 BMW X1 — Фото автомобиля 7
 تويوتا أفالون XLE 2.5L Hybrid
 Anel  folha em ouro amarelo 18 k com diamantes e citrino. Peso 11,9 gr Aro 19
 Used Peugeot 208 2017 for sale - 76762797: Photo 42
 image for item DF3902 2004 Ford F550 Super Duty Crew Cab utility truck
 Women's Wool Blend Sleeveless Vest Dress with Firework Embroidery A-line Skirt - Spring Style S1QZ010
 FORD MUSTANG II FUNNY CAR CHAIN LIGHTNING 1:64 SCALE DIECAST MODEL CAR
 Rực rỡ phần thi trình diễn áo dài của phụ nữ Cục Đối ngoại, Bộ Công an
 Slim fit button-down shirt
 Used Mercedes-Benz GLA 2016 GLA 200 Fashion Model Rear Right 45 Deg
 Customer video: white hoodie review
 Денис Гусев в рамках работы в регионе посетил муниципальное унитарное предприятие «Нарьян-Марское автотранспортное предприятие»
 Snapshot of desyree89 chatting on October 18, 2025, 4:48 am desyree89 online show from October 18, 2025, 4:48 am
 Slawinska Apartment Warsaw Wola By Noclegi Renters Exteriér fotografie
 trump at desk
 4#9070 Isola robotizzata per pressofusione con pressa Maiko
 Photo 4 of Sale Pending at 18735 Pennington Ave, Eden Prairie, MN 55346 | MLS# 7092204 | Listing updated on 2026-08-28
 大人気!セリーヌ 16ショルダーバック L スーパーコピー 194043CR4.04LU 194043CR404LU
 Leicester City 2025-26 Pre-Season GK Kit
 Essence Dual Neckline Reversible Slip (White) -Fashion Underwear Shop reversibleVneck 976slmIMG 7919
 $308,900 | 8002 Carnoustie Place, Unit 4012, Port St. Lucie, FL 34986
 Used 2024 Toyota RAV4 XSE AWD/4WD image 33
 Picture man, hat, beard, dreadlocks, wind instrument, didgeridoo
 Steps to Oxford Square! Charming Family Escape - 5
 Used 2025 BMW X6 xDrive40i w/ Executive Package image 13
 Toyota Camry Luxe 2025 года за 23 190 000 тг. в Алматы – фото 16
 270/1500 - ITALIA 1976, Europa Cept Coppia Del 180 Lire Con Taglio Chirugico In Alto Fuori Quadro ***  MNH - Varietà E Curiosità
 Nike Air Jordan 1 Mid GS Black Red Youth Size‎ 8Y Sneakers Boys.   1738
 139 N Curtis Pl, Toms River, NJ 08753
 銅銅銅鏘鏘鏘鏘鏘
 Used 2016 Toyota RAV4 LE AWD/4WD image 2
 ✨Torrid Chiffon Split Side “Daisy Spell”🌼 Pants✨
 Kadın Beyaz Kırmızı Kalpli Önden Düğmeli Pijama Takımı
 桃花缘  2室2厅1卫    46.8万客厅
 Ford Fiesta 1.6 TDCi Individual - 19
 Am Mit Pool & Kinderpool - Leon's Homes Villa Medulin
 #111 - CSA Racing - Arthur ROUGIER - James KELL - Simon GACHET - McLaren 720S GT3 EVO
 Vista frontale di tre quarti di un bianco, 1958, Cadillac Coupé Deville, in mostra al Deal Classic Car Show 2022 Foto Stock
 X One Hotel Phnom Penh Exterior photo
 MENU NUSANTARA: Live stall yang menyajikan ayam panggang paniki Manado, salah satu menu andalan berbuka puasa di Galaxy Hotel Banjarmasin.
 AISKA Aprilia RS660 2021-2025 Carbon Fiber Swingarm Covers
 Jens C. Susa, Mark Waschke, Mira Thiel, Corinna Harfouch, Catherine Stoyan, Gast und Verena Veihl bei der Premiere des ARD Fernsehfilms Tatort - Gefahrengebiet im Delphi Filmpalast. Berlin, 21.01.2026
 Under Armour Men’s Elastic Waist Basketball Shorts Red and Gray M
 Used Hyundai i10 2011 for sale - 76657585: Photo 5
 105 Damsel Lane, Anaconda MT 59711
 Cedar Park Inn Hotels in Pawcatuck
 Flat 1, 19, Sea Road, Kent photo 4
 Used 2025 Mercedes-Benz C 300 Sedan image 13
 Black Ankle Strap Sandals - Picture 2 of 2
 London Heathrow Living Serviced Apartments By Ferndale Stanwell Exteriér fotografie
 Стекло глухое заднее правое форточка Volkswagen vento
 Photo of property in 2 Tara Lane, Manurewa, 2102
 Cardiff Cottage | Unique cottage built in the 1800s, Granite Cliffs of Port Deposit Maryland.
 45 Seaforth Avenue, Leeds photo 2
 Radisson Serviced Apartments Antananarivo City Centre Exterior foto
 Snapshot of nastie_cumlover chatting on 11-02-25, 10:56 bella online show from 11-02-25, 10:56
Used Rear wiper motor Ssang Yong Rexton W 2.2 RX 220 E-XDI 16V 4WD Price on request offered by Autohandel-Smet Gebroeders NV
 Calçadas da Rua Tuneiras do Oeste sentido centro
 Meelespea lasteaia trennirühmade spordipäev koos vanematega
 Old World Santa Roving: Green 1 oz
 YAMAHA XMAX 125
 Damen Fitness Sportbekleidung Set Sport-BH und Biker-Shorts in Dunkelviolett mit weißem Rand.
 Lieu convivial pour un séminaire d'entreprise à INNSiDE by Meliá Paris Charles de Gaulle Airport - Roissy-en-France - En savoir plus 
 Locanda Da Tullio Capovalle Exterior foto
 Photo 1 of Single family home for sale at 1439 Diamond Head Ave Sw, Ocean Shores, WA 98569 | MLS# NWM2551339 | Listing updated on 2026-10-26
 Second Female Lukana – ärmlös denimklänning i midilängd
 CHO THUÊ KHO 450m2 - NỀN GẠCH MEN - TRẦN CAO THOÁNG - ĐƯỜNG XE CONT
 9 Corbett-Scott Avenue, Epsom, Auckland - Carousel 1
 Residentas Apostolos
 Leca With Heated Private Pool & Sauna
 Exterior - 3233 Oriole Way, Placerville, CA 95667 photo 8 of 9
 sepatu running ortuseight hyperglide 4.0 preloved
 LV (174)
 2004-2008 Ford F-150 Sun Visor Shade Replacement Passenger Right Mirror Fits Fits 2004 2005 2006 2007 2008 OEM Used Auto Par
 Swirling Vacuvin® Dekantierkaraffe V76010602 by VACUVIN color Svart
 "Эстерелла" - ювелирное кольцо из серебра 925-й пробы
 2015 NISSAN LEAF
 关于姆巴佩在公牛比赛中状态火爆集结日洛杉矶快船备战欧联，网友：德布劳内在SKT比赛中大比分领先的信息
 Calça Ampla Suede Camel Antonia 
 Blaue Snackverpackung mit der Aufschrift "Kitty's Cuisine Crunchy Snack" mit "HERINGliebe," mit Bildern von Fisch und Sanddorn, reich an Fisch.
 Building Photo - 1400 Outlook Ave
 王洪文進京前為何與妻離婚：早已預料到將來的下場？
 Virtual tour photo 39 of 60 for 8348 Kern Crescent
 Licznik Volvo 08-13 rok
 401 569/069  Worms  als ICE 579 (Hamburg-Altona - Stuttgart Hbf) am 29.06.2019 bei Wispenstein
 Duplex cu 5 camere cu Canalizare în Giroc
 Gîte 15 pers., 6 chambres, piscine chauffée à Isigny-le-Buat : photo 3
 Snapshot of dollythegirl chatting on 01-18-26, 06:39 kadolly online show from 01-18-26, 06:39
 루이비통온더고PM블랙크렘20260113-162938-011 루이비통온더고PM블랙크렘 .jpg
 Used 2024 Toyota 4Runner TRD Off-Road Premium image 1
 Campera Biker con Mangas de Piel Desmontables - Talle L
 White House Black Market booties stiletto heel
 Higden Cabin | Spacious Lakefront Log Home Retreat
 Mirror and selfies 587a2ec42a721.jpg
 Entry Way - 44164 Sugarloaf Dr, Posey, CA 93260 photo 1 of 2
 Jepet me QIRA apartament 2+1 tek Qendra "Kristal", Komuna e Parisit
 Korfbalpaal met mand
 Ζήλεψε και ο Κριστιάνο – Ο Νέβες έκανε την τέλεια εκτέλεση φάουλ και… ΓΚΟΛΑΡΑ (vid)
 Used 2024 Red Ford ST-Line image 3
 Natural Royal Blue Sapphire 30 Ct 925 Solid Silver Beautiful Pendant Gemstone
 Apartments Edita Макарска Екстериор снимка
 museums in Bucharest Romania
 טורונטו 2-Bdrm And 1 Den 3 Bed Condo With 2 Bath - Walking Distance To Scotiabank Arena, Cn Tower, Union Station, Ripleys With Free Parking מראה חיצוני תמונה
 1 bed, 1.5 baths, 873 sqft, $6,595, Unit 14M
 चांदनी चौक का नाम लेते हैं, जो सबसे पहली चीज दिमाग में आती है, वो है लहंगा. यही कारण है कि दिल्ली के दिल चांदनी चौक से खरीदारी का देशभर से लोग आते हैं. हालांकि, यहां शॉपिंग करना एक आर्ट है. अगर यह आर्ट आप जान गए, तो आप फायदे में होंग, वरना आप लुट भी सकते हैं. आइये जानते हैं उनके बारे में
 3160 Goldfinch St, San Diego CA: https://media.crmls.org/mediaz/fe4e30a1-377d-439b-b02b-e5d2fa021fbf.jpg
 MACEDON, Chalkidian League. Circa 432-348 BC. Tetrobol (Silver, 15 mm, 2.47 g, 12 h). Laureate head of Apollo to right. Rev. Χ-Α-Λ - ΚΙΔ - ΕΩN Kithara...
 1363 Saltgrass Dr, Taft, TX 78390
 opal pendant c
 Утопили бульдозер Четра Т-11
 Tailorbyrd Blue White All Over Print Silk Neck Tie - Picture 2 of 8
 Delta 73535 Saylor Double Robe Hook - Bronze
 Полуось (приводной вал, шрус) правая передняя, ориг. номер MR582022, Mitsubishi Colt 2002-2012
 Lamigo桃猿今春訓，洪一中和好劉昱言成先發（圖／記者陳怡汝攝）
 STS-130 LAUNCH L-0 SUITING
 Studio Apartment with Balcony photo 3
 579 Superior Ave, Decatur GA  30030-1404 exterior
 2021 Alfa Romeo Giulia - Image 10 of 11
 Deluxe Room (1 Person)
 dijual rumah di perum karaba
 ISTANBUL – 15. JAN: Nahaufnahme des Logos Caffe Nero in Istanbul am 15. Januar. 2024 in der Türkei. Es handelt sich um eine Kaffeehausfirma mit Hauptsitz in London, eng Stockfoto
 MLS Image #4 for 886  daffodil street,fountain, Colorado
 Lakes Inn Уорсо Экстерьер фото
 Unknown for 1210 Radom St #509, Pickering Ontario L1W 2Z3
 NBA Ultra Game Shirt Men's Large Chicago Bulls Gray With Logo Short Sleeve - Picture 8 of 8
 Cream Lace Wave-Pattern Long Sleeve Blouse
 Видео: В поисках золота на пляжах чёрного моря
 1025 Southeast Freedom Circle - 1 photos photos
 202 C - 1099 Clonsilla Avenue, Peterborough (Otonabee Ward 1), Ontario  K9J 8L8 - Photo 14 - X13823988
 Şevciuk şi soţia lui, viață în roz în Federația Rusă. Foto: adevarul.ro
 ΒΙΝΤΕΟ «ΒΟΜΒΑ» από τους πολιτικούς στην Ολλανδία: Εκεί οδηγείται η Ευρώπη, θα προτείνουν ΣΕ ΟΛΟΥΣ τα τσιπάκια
+ + + + + + +
## [Task to complete]
Transcribe the material exactly, stopping after the "Leicester City 2025-26 Pre-Season GK Kit" line.

## [Output for this task]
 BMW X1 — Фото автомобиля 7
 تويوتا أفالون XLE 2.5L Hybrid
 Anel  folha em ouro amarelo 18 k com diamantes e citrino. Peso 11,9 gr Aro 19
 Used Peugeot 208 2017 for sale - 76762797: Photo 42
 image for item DF3902 2004 Ford F550 Super Duty Crew Cab utility truck
 Women's Wool Blend Sleeveless Vest Dress with Firework Embroidery A-line Skirt - Spring Style S1QZ010
 FORD MUSTANG II FUNNY CAR CHAIN LIGHTNING 1:64 SCALE DIECAST MODEL CAR
 Rực rỡ phần thi trình diễn áo dài của phụ nữ Cục Đối ngoại, Bộ Công an
 Slim fit button-down shirt
 Used Mercedes-Benz GLA 2016 GLA 200 Fashion Model Rear Right 45 Deg
 Customer video: white hoodie review
 Денис Гусев в рамках работы в регионе посетил муниципальное унитарное предприятие «Нарьян-Марское автотранспортное предприятие»
 Snapshot of desyree89 chatting on October 18, 2025, 4:48 am desyree89 online show from October 18, 2025, 4:48 am
 Slawinska Apartment Warsaw Wola By Noclegi Renters Exteriér fotografie
 trump at desk
 4#9070 Isola robotizzata per pressofusione con pressa Maiko
 Photo 4 of Sale Pending at 18735 Pennington Ave, Eden Prairie, MN 55346 | MLS# 7092204 | Listing updated on 2026-08-28
 大人気!セリーヌ 16ショルダーバック L スーパーコピー 194043CR4.04LU 194043CR404LU
 Leicester City 2025-26 Pre-Season GK Kit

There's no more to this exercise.